From Slate.com - Juriprudential exchange re: Supreme Court case revisiting Brown v. Board of Education:
----
I woke up at 4 this morning to the realization that I cannot begin to understand how Chief Justice John Roberts and his colleagues could really think that the efforts of the people in Jefferson County, Ky., and Seattle to have white and black students educated together is anything remotely like the system of racial apartheid, subjugation, and servitude practiced in the American South. His concluding sentence, "The way to stop discrimination on the basis of race is to stop discriminating on the basis of race," equates two such fundamentally different practices that it leaves me stunned.
I want to try to convey a sense of how profoundly misguided and ahistorical that conflation is. Let me return to the most rhetorically powerful argument against the two school-district plans in this case: the fact that they would require some parents to say to a child, "You can't go to that school because of your race," just as black parents had to say to their children in the South before Brown.
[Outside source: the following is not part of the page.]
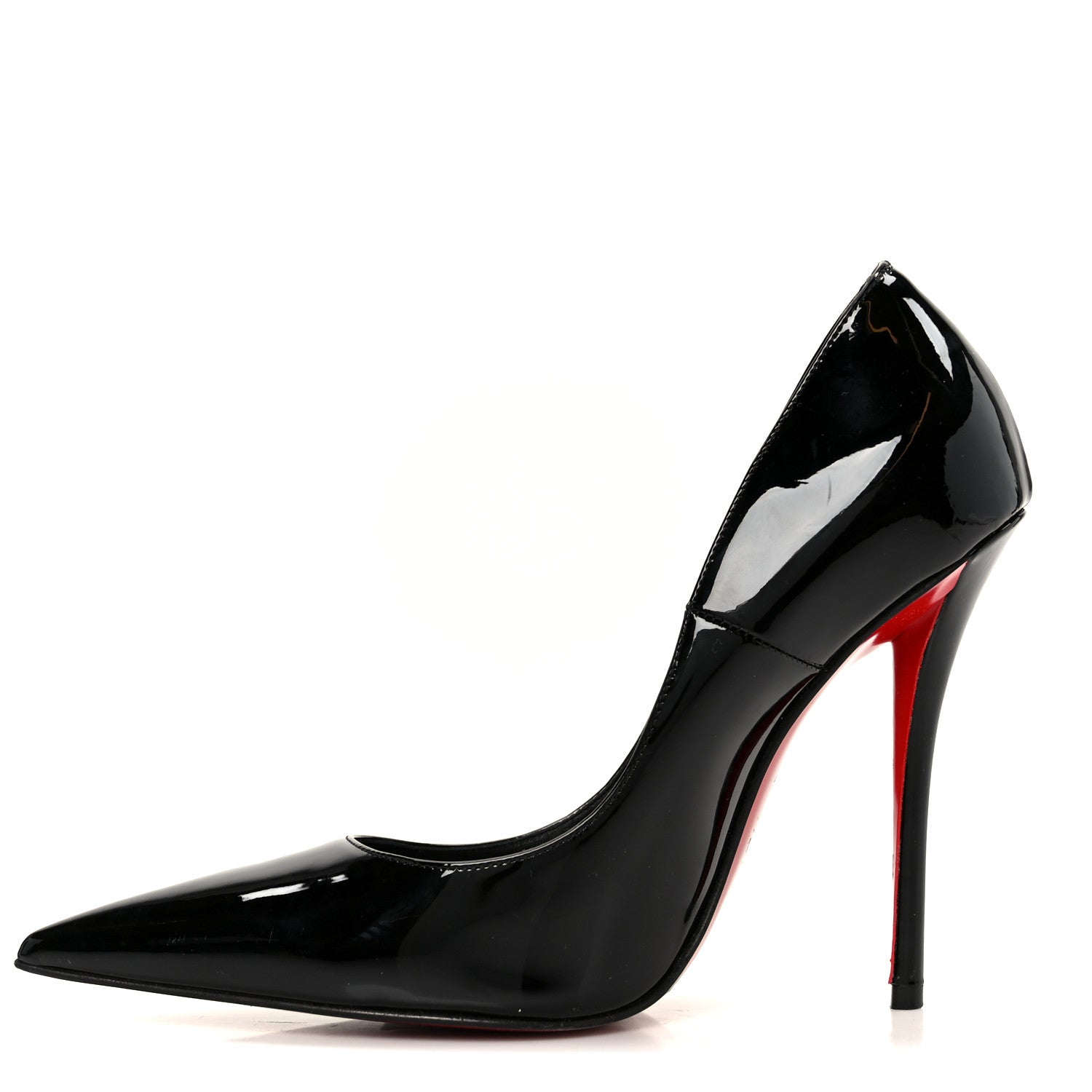 Christian Louboutin Patent Miss Z 100 Pumps 38 Black 37.5 Black 1 of 8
Think first about being a black parent explaining race to a child in North Carolina in 1963. That year, Gov. Terry Sanford went on statewide television to urge an end to segregation in public accommodations and read a letter from a black soldier stationed at Fort Bragg describing what it was like to drive his children from eastern North Carolina to visit their grandparents in Texas. It was a harrowing experience, he wrote. Planning that trip was like a military operation; every supply that might be needed had to be packed and stuffed in the car for a trip of more than 1,000 miles. When they were hungry, they could not buy food. When they were tired, they knew they would be turned away from the motel. They traveled in fear that a child would become sick on the trip. Day after day they would drive by tourist sites and amusement parks that they could not enter; gas stations at which the children were barred from the restroom. How do you explain to a child why she can't go to the swimming pool, play in the park, or go to the movie? At home or on the road, this was an experience a child of color had repeatedly every day. Every day. And the reason: The child was an inferior being whose very presence in a place would be repulsive to the community.
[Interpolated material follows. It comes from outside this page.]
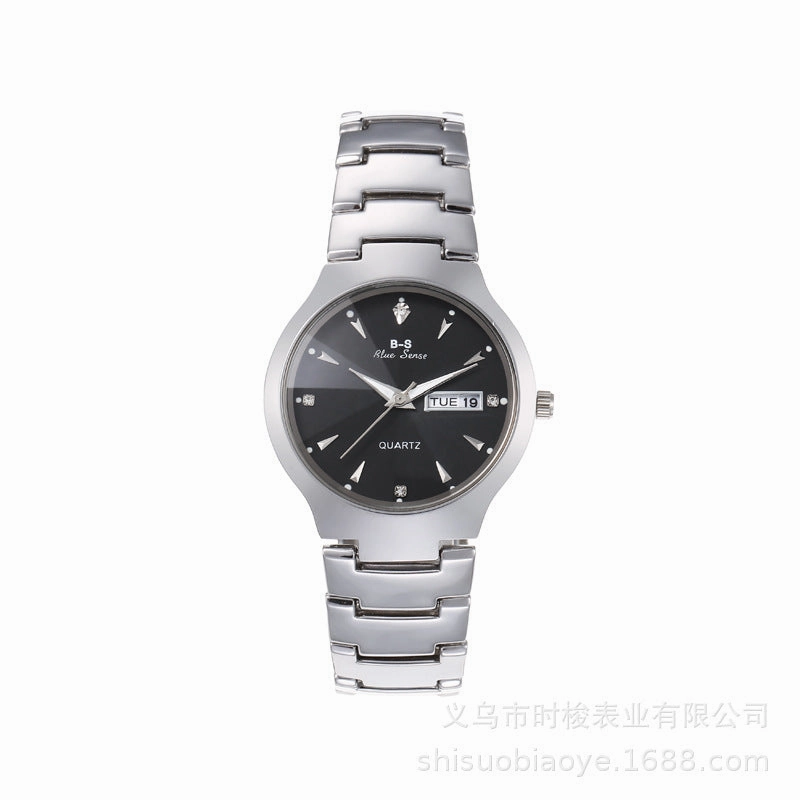 Quartz Calendar Watch Unisex Trendy Couple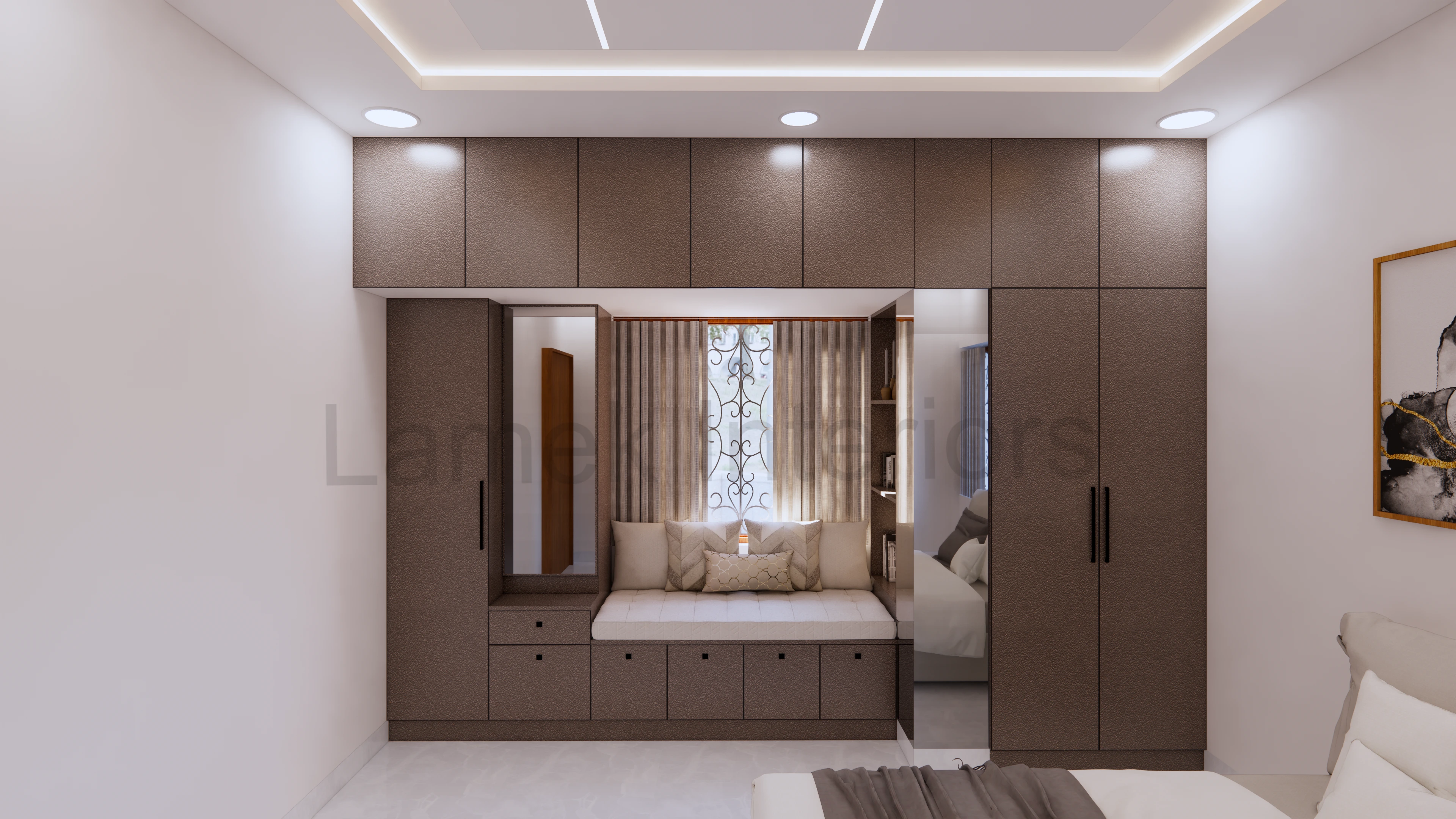 Wardrobe and storage by Lamek Interiors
Is that what happens under the Louisville or Seattle plans? What some parents will sometimes have to say to their children under these plans is something like this: "You will be going to PS 111 instead of PS 109 this year, and here's why: Our community is trying to make sure that we get over the racial separation that has been such a troubled part of our history. So we want to make sure we have a pretty good number of white and black children in all of our schools. It's important, even though it sometimes means you don't get your first choice of a school assignment this year." As I read the record, that is unlikely ever to happen more than once to any child white or black. What is the big deal?
Why is it so critical that we "get beyond race" in every possible way? Get beyond despising or disliking people because of their race, yes. Get beyond oppressing people because of their race, yes. But avoiding any consideration of race as though it were toxic? I don't understand that.
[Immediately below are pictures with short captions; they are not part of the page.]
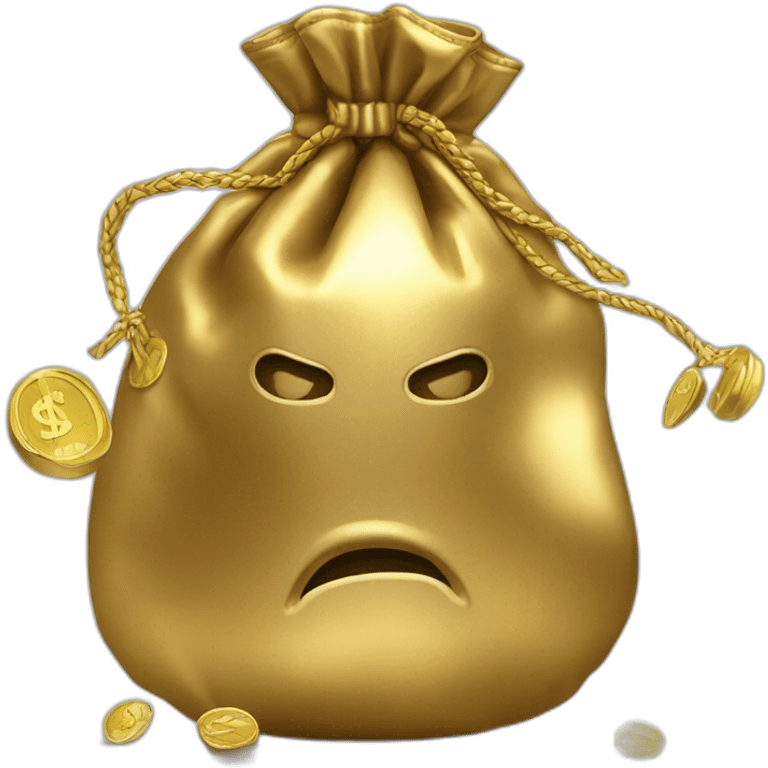 KICK BOXING GLOVES IN A GOLDEN MONEY BAG emoji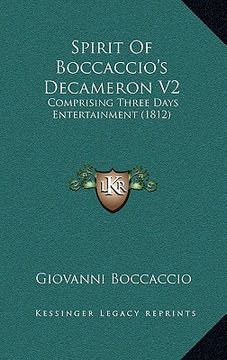 portada spirit of boccaccio's decameron v2: comprising three days entertainment (1812) (en Inglés)
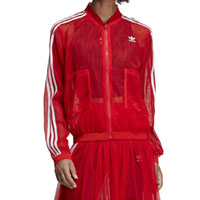 adidas Womens Mesh Track Top - Red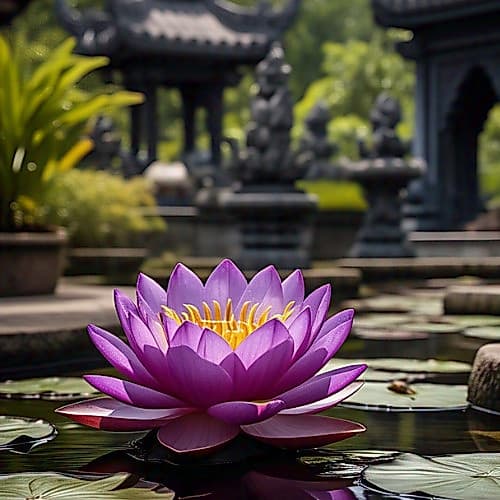 10 Sementes de Flor de Lótus Púrpura Real (Nelumbo imperialis) Com Manual de Plantio II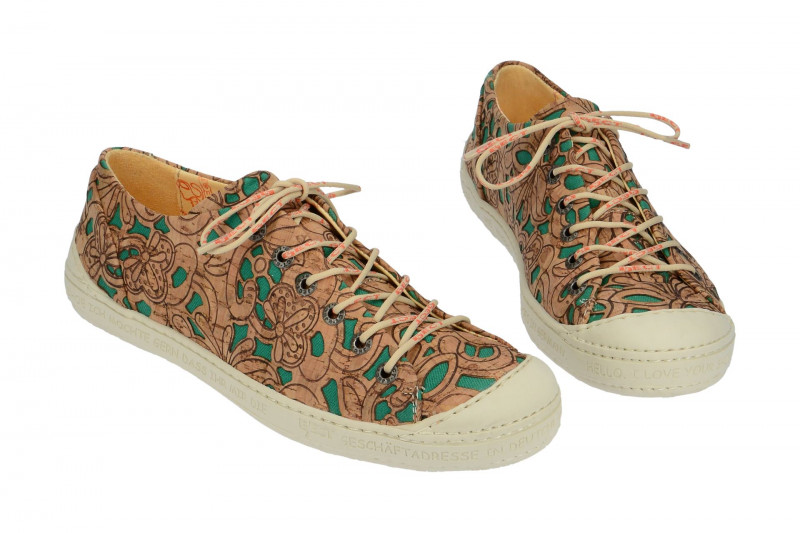 Eject Dass Schuhe grün braun Kork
The court's decision is everything conservatives should abhor. It is a form of social engineering dictated from Washington. It ignores the principle of local control of schools. It sets aside the judgment of elected officials, even though nothing in the text of the Constitution requires that result, and the original understanding at the time of drafting of the 14th Amendment is solidly against it. It equates the well-intentioned and inclusive programs supported by both white and black people in Louisville and Seattle with the whole grotesquerie of racially oppressive practices which came down, as Charles Black once said, in apostolic succession from slavery and the Black Codes.
The plurality opinion is elegantly reasoned and reads as if it could have been written by a law review president. But it fails the very first lesson taught to preschoolers who watch Sesame Street: "Which of These Things Is Not Like the Others?"
It's been a pleasure talking with you both.